As our two buses turned off the main highway to the older road going out, out to a much less populated area, my eyes sought out the beauty and starkness of nature. Red poinsettias were in full bloom swaying in a gentle breeze. Greened bushes and trees (with their spring cloaks from recent rains) hung over each side of the road, linking their branches mid-way. Small houses switched from tin roofed, huddled shanties to old, more spread out, tiled dwellings.

Each of us quietly held our own prayers and reflections as we re-traced the road where the four church women made their final journey. Today, thirty years after that terrible violence and martyrdom of the night, the church universal of poor and pilgrim, foreigner and local base -Christian community faithful, would come together to celebrate their lives and their powerful legacy.

The tiny chapel built right next to the site where the bodies of Ita, Maura, Dorothy and Jean were found could not hold the crowd of 600 or more.

“La Biblia es la palabra de Vida” chanted the choir and echoed the crowd. “The Bible is the Word of Life” and the lives of these women were read as Word, model, and prophetic Life.

The large photos of the women’s faces drew tears, homage, and honor. Four North American women who had labored among the poor, oppressed and terrified people of this conflicted nation drew together the peoples not only of the USA and El Salvador but of the neighboring nations and the world.

The songs selected are familiar to the local people so the choral voice held gusto and passion. As we sang of the God who accepts the sweat of our labor, all there heard that this God invites all of us — especially the poor and the outcast, women and those who feel marginalized—to come to the table, come to the banquet prepared by our God. How well the words fit and focused the lives of the four church women and the lives of the innumerable martyrs of the time.

After the slow journey back to the capital, our buses left us off in the middle of the largest civic park in San Salvador. Families and workers were picnicking, students were jogging along the pathways, and amidst the activities of the people, Madre Guadalupe Mejia met us with a gentle smile and quiet, warm voice. She had come as a prominent representative of the civil society committee that had advocated, helped finance and pushed forward the construction of an enormous memorial wall with the names of more than 30,000 victims of the war.

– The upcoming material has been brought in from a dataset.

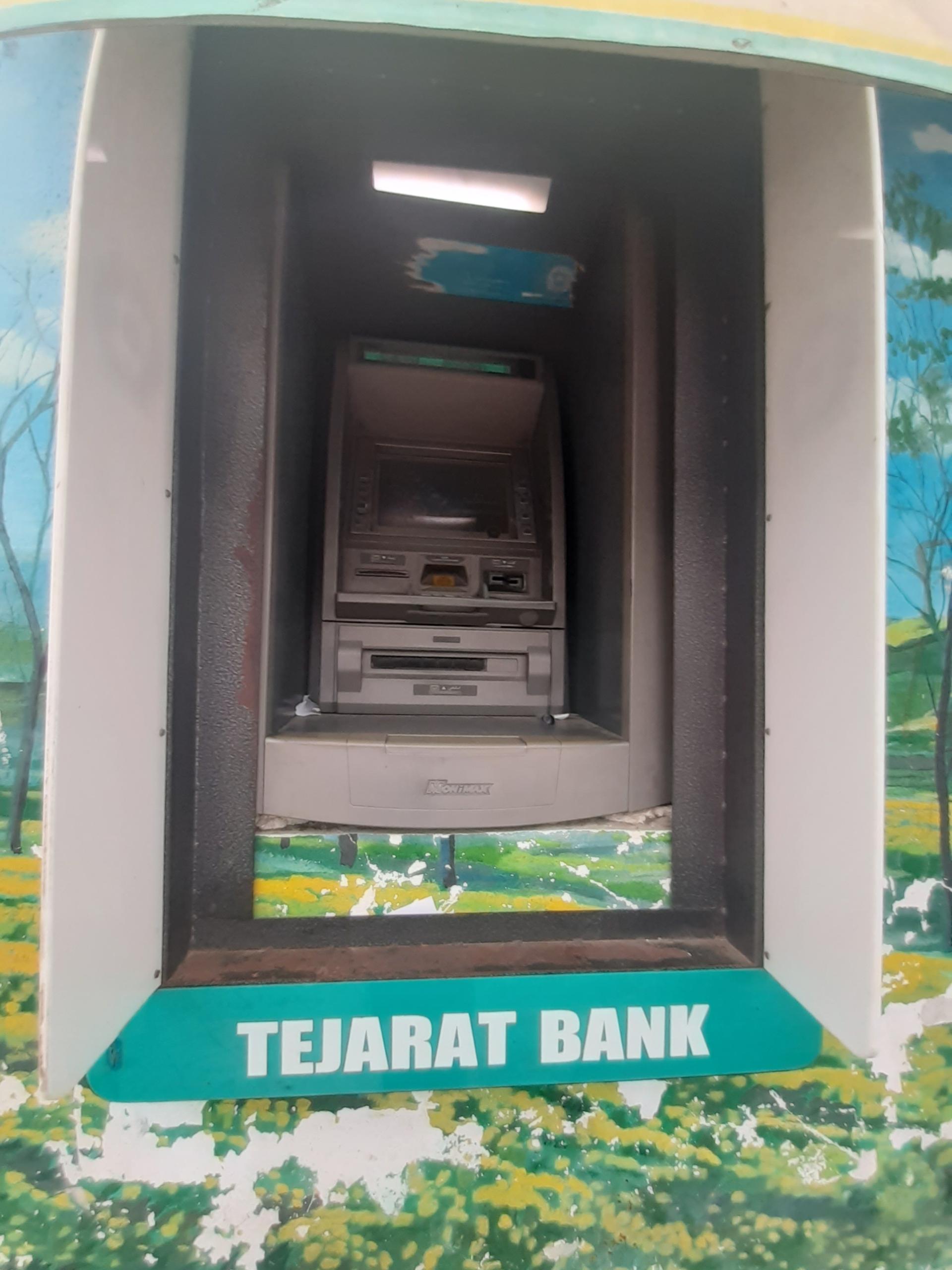 عکس عابر بانک تجارت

The United Nations truth commission had pushed the Salvadoran government to construct such a memorial but the government had never acted on the UN recommendation.

Guadalupe lost her own spouse to a horrible, brutal death in 1979. From 1983 to the present, she has not stopped meeting with families who have never been able to mark a place to honor the many innocent war dead, who have grieved terrible loss, and some of whom have never found nor been able to confirm the death of their loved ones.

Guadalupe told us about the long and arduous efforts to finally create a memorial about as long as a football field, beautifully executed with relief figures to show the history of the people and culture and a listing by year (1980 to 1991) of the names of those who died.

The wall gently curves along the natural hill at one end of the green park, and one could see the 50 of us in the Share Foundation-sponsored delegation spread out, praying and leaving a gorgeous fresh rose as a mark of faith, of touchstone in memory of those who gave their lives, and as a commitment to move to transform our planet to never again tolerate such violence, such breach of faith in humanity, and such denial in the face of the compassion of our God.